These are all nice and pretty. There is another function, however, that is much harder to deal with, which I will write about next time.

Finding Maximally Dense Segments

Sharon and I have finally concluded, for now, our work on the maximally dense segment problem (draft, with an errata already!), on which we have been working on and off for the past two years. Considering the algorithm itself and its derivation/proofs, I am quite happy with what we have achieved. The algorithm is rather complex, however, and it is a challenge presenting it in an accessible way. Sharon has done a great job polishing the paper, and I do hope more people would be interested in reading it and it would, eventually, inspire more work on interesting program derivations.

The basic form of the problem looks like a natural variation of the classical maximum segment sum problem: given a list of numbers, find a consecutive segment whose average, that is, sum divided by length, is maximum. The problem would be trivial without more constraints, since one could simply return the largest element, thus we usually impose a lower bound L on the length of feasible segments.

It was noticed by Huang [3], that a segment having maximum average need not be longer than 2L - 1: given a segment of 2L elements or more, we cut it in the middle. If the two halves have different averages, we keep the larger one. Otherwise the two halves have the same average. Either way, we get a shorter, feasible segment whose average is not lower. The fact hints at a trivial O(nL) algorithm: for each suffix of the list, find its best prefix upto 2L - 1 elements long.

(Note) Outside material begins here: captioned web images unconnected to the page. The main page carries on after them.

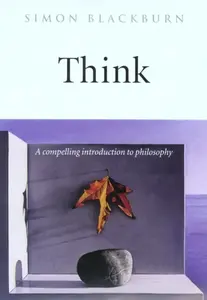 Think - Simon Blackburn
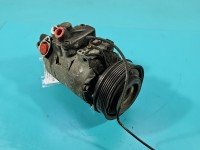 Sprężarka klimatyzacji kompresor Vw Passat B5 8D0260808, 447200-9639, 1O016767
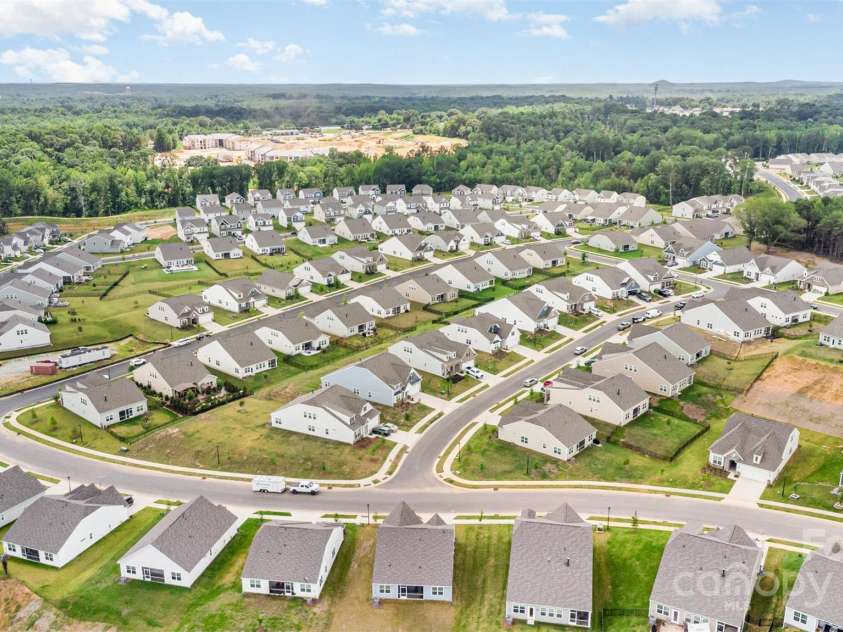 4797 Maiden Creek Way, Maiden, NC 28650.  MLS# CAR4282268, YatesRealty ID 28710. 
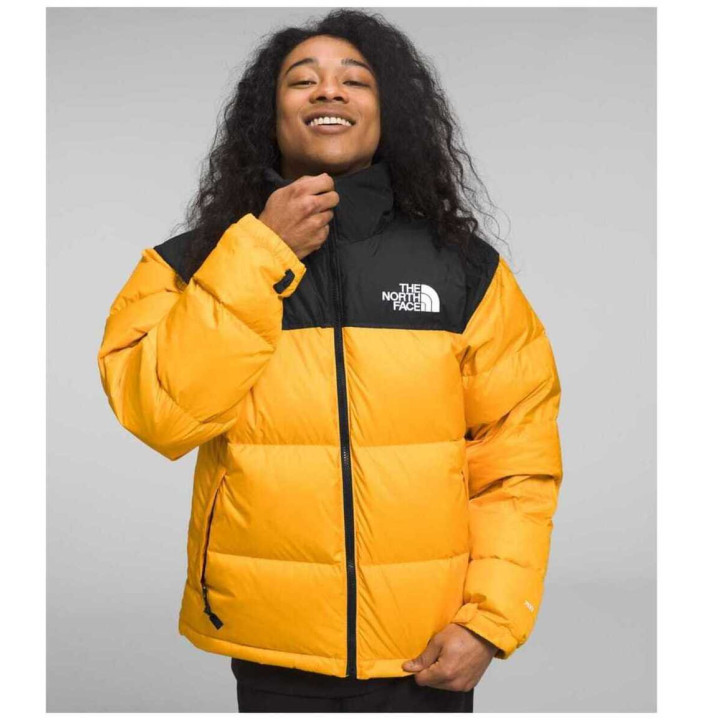 M 1996 RETRO NUPTSE JACKET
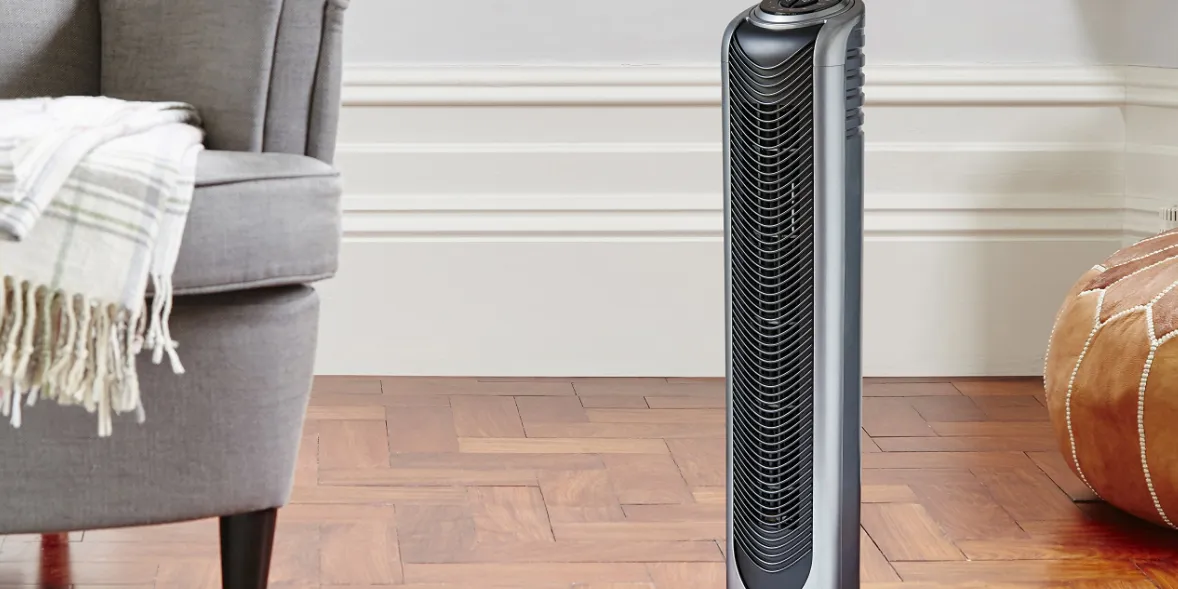 Tower Fan BT19
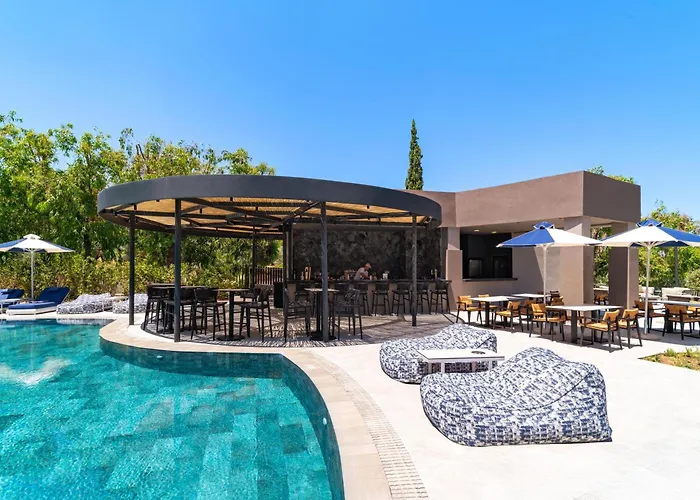 فندق Cabu - Adults Only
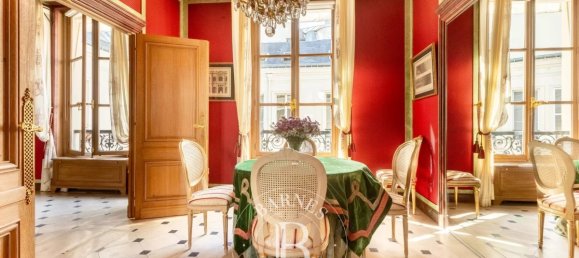 3 Schlafzimmer Doppelhaus in Paris, France, Nr. 294183 6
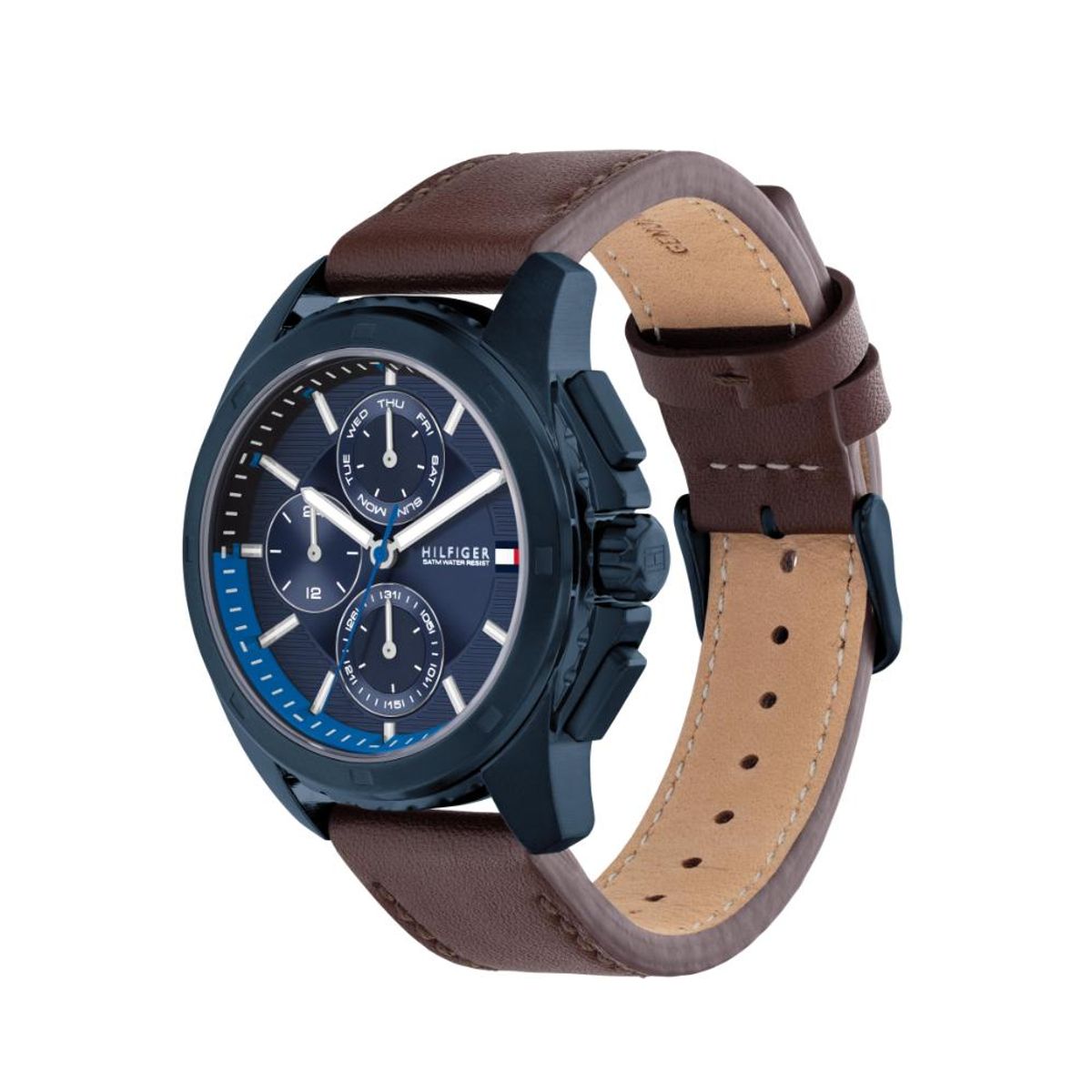 TOMMY HILFIGER - Reloj Tommy Hilfiger Para Hombre 1710632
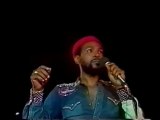 Marvin Gaye - What's Going On [Live]
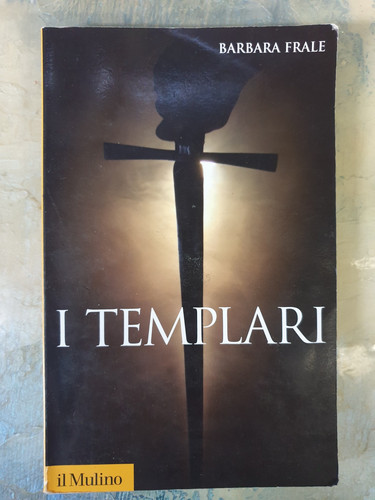Templari frale barbara - i,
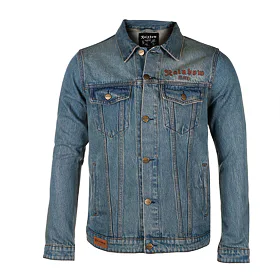 CAPRICORN ROCKWEAR CAPRICORN ROCKWEAR S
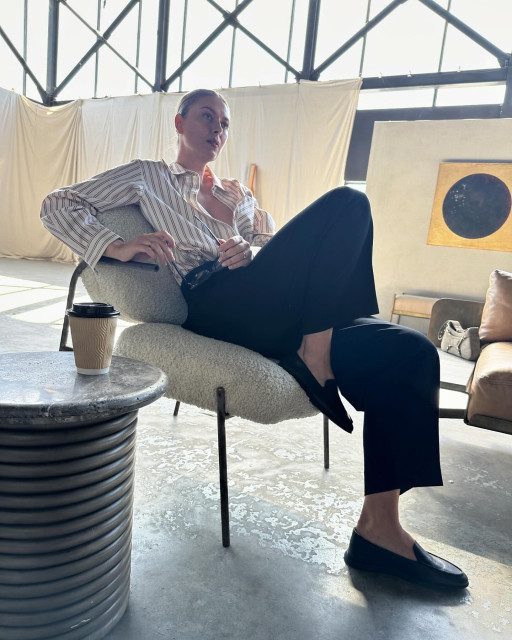 Maria Sharapova instagram post 772110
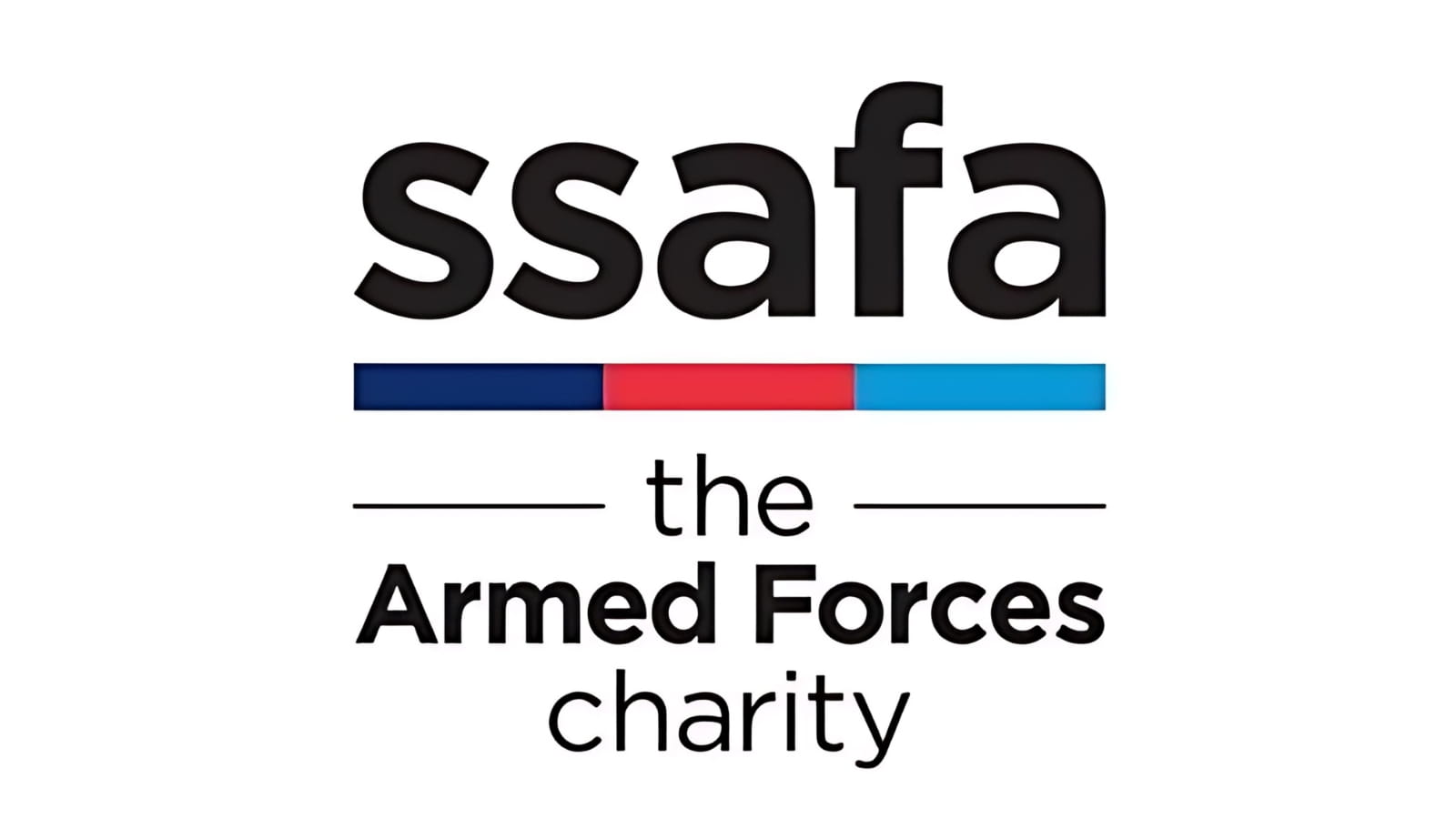 SSAFA logo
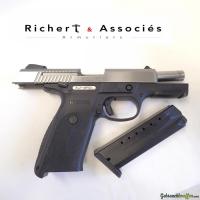 Ruger | Sturm Model SR40 .40S&W (2012)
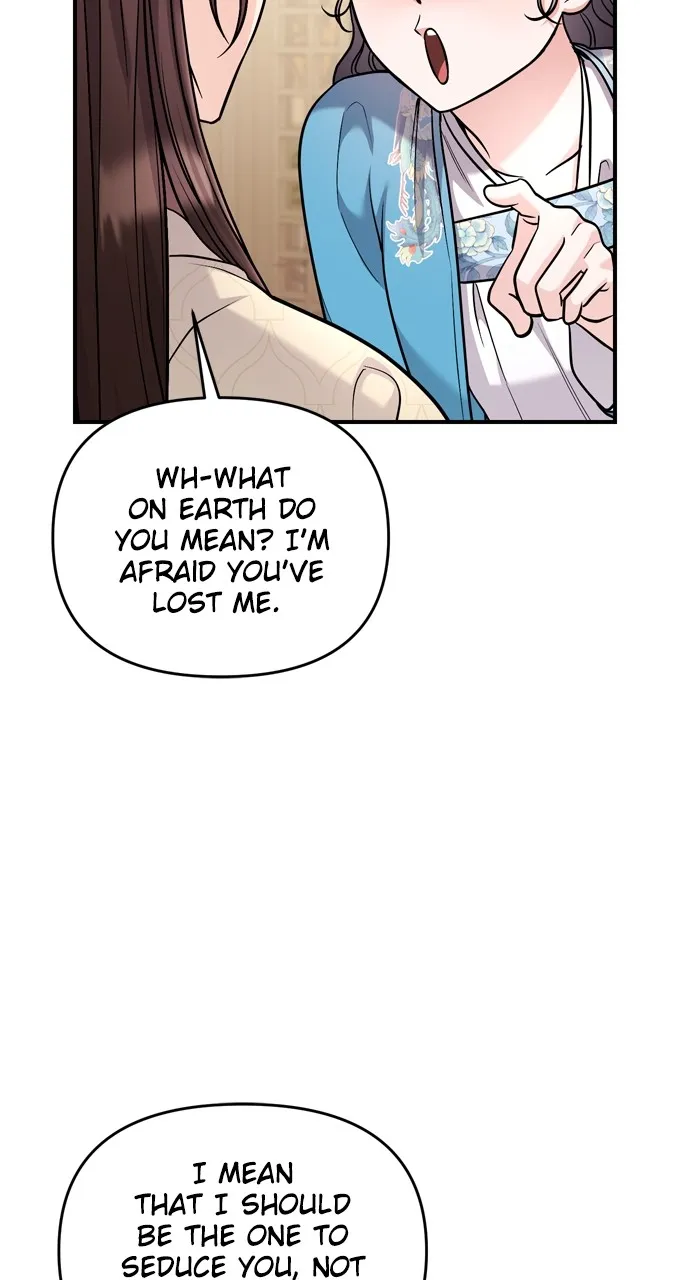 A Martial Master Wakes Up as a Concubine Chapter 43 page 49 -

A difficult challenge, however, is to come up with an algorithm that is O(n), independently of L. The problem can be generalised to the case where the elements do not have length 1, but each has a width, and the goal is to maximise the density — sum of the elements divided by sum of their width. It makes the problem sightly more complicated, but does not change its nature. If we go on to impose an upper bound U on the length as well, however, the problem becomes much more difficult. There was an published algorithm that claimed to be linear only to be found not so. We discovered that two later algorithms, which appeared to have concluded the problem, also fail for a boundary case. The bug is easy to fix for one of the algorithm, but might not be so for the other.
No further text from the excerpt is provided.